Shefwedfan wrote: » Just an update on repair my stove, so I took off the stove last night. God it is a heavy beast. Then took into taking down the flue. Everything was covered in a black tar like substance so no easy job. Ended up pulling the supports out of wall with hammer and screwdriver. The thing was full of rust and sh*t. Took a few pics of it lying on ground From what I can make out they had a connector from the flue into the chimney but the actual chimney is not lined. This could be the reason for the condensation. Going to head to a local supplier tomorrow and see what I need to buy and take into repair job next week. Main question is will I need twin walled flue
Briany3 wrote: » Best of Luck to you..
rpmcs wrote: » Just to note that is 316 Flexi... if burning coal not great life expectancy. 904 is for coal 316 is wood mainly
laugh wrote: » Has anyone installed a stove on a gable where there is no chimney? Do you go out and up the wall with twin wall flue pipe?
Buck Overbite wrote: » Hi Lads, I wonder can anyone help me. I'm looking for a hetas engineer to help/advise on a problematic stove. I had an inset stove installed last year but it has never rid itself of that chemical fume smell that often comes at an early stage of use. We were told that this would burn off after a while as the paint cured but it has never gone. If anything, the hotter the fire, the worse the fumes. Not smokey, but a real chemical fume smell. The stove is practically unusable as a result. I cannot get the original installers to come and check it; i wont name them but they are in the Limerick area (as am I) and their aftersales has been appalling. Anyway, i'll have to get someone independent to look at it in order to get to the bottom of the problem. Any advice/pointers etc massively appreciated. Cheers, M
Shefwedfan wrote: » Think link was posted by someone earlier and I found greathttp://www.stovefittersmanual.co.uk/ See specific section here: http://www.stovefittersmanual.co.uk/articles/installing-a-twin-wall-flue-chimney/
laugh wrote: » Thanks a lot that's a great link.
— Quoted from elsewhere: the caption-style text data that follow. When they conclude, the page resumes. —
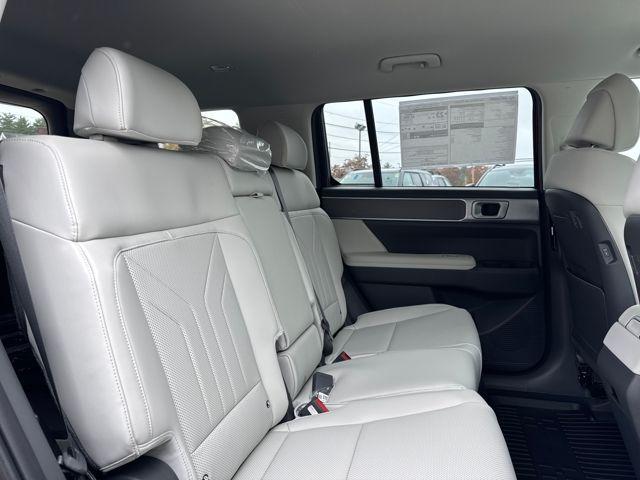 new 2026 Hyundai Santa Fe car, priced at $37,368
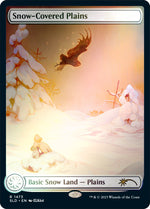 Snow-Covered Plains (1473) (Rainbow Foil)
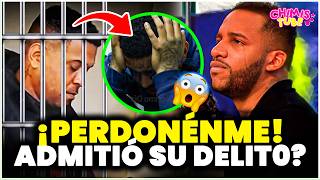 Primo de Jefferson Farfán rompe en llanto tras ser Condenado [upl. by Seligmann]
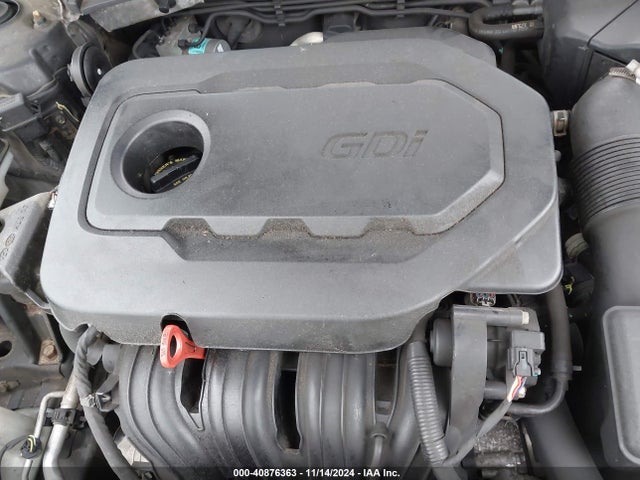 Hyundai Sonata Limited 2016 5NPE34AF7GH321683 Image 10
Water John wrote: » Not my area, but is your flue clearing the roof?
Casa 2013 wrote: » Hi. We recently installed an ACR Ashdale multi fuel stove into the corner of a big kitchen/living space. We just can't get it to work right and Ive no clue what the problem might be. It doesn't seem to be drawing as well as it should. Yesterday I tried to light it and smoke was actually coming out around the door. It was windy out and the wind was coming straight at the wall where the flue pipe is located. Would this effect the stove? We have only managed to get it to light properly once. There was good heat off it but again we seem to have issues as the glass went all black. I thought the stove had an air wash facility. Any one have ideas on how to work this particular stove? It has 3 sliders. Not really sure what these are for. The book refers to them as primary and secondary air but what does that mean?? We also have air coming from outside into the stove. If there is a problem with my stove I need to sort it asap so Im looking for help soon!! Clueless as to what it might be myself! Any tips or advice is REALLY appreciated!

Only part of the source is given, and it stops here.